◆ **WORK INSTRUCTIONS**
What is needed here is an exact repetition of the records below, beginning at the line that has "Photo 7 of 5 Eastview Court SE" and stopping after the line that has "801 NW 47th".

◆ **DATA SUPPLIED**
——

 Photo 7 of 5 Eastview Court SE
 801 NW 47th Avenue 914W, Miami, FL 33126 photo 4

——

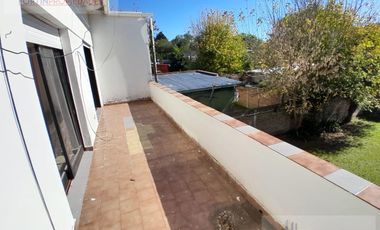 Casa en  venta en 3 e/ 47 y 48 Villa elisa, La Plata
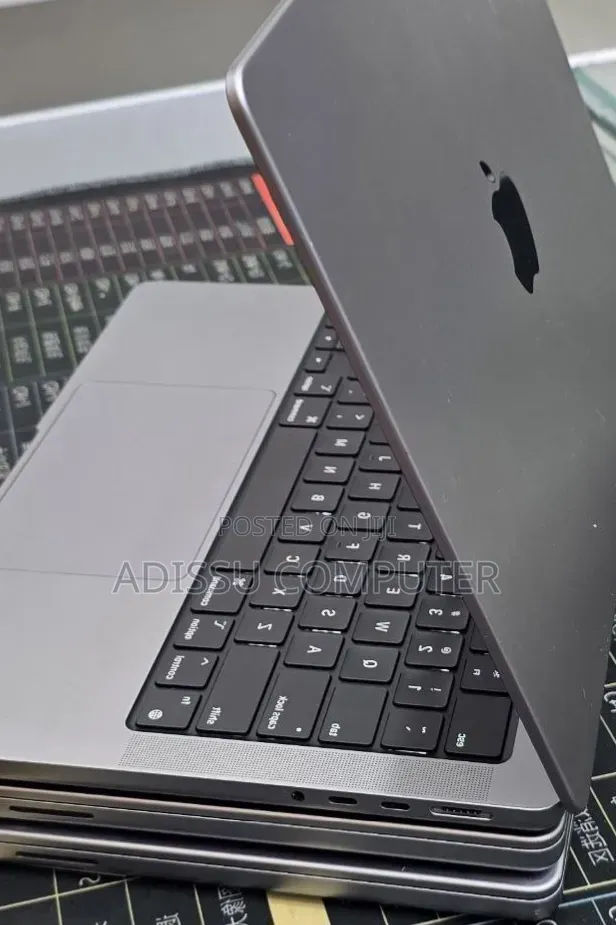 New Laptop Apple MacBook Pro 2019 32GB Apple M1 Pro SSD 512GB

——

◆ **ANSWER TO THIS EXERCISE**
 Photo 7 of 5 Eastview Court SE
 801 NW 47th Avenue 914W, Miami, FL 33126 photo 4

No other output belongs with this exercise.